MALATYA, Turkey
The Republican People's Party (CHP) will agree to a post-election calculus only if its party Chairman Kemal Kilicdaroglu is made the prime minister, the party's deputy chairman has said.
"We will only take part in a solution where our party is the governing power and our party chairman is the prime minister," Veli Agbaba said in a statement Friday.
Agbaba claimed that some circles wanted to draw CHP into a project for preventing “the fall of a rotten and corrupt government," which, he said, they would not allow.
The deputy chairman alleged that the post-election climate was the new stage of a years-long "unjust, remorseless and severe perception management against the CHP."
"The Republican People's Party is aware of the responsibility that these [post-election] conditions put on its shoulders," he said. He assured that they would not leave Turkish citizens desperate or the country without a government.
His remarks came as political parties in Turkey evaluated their coalition options in the aftermath of Sunday's general elections.
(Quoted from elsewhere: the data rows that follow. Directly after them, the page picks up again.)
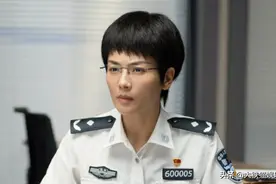 端着一张脸就别演警花了，这四位女演员告诉你，啥是飒爽长官气派图片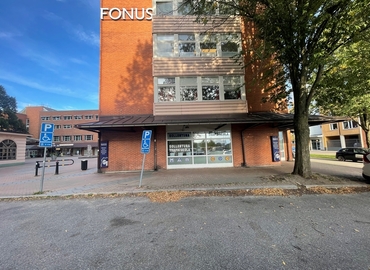 Butik(Yta:74 m²) att hyra i Sollentuna, ANIARAPLATSEN 2-4, 191 47 Sollentuna. Endast från verifierade hyresvärdar | MatchOffice.se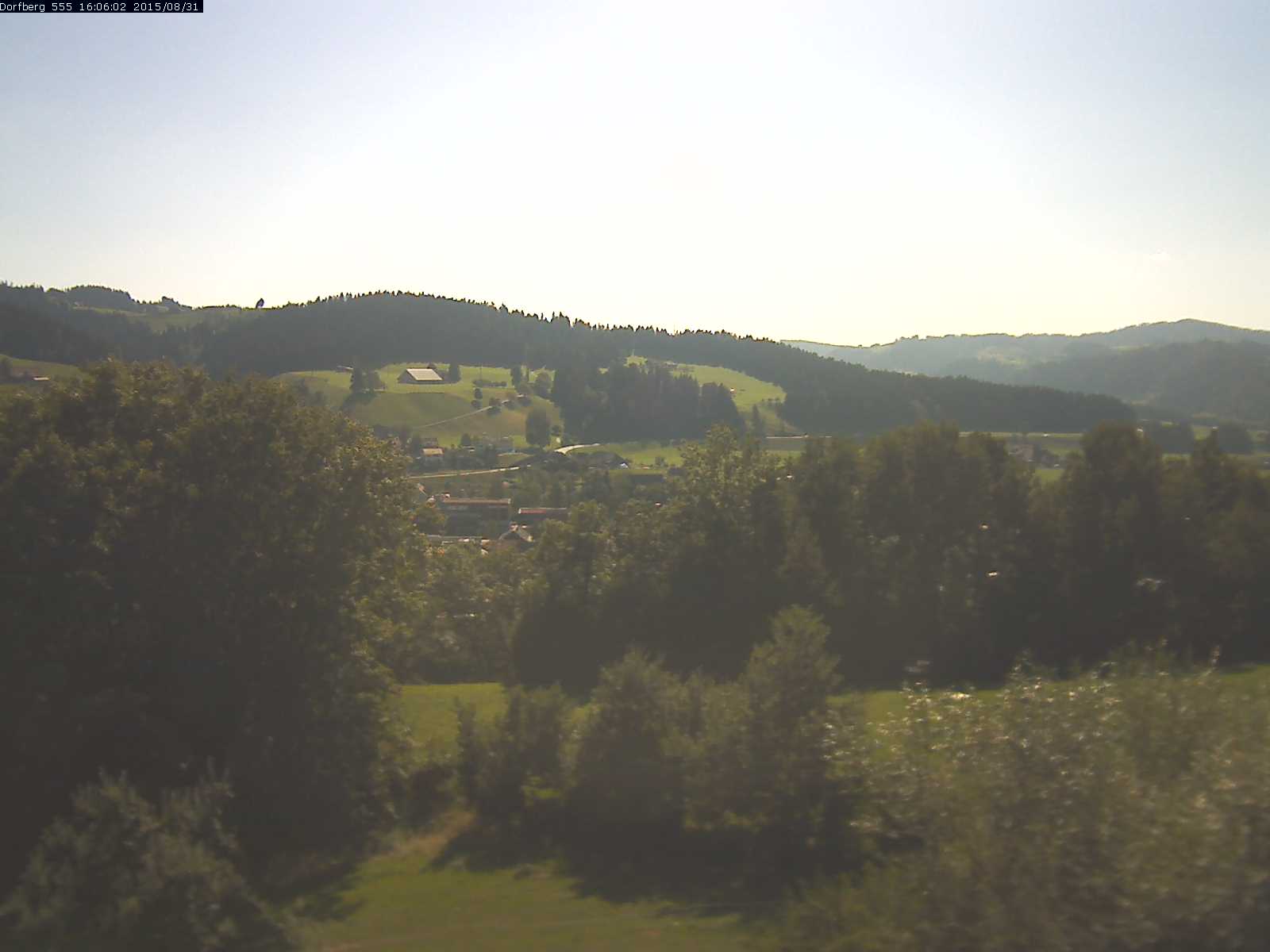 Webcam-Bild: Aussicht vom Dorfberg in Langnau 20150831-160601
However, rather than actual contacts among the political parties after the polls, there has just been an unofficial trade of words over coalition possibilities so far.
In his Thursday address to the provincial heads of Justice and Development (AK) Party, Turkish Prime Minister Ahmet Davutoglu warned: "A [post-election] political equation excluding the AK Party, though out of the question, would lead to a scene where politics is defined by ethnic and sectarian splits."
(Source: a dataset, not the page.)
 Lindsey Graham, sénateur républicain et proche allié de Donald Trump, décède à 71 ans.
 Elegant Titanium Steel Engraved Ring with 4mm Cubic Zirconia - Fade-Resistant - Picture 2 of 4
The third-placed Nationalist Movement Party (MHP) also issued a statement where they ruled out the possibility of forming a coalition with the pro-Kurdish Peoples' Democratic Party (HDP).
"Let it be known that the MHP does not get in the same bag with snakes," said Member of Parliament Semih Yalcin Thursday. "They (HDP) have the blood of our soldiers, our policemen, our civilians and many Kurdish people on their hands," Yalcin added.
None of the four parties elected to the Turkish Grand National Assembly could achieve the majority necessary to form a single-party government.
According to unofficial results, the AK Party won its fourth consecutive general election Sunday, securing the largest number of votes to claim 258 seats, or 41 percent votes, in the parliament, but it was 18 short of a simple majority.
The CHP won 132 seats with 24.96 percent, while the MHP claimed 80 seats with 16.29 percent votes.
The HDP passed the 10 percent threshold with 13.12 percent votes to take 80 seats - marking the first time it will enter the parliament as a party.
The turnout was 86.64 percent. Although the initial count has been completed, the figures still need to be verified by the Supreme Election Council, which is due to get completed by June 19.
Once the final results are announced, the deputies of the 25th Grand National Assembly will be sworn in within five days. The constitutional deadline to form a new government will expire around August 18.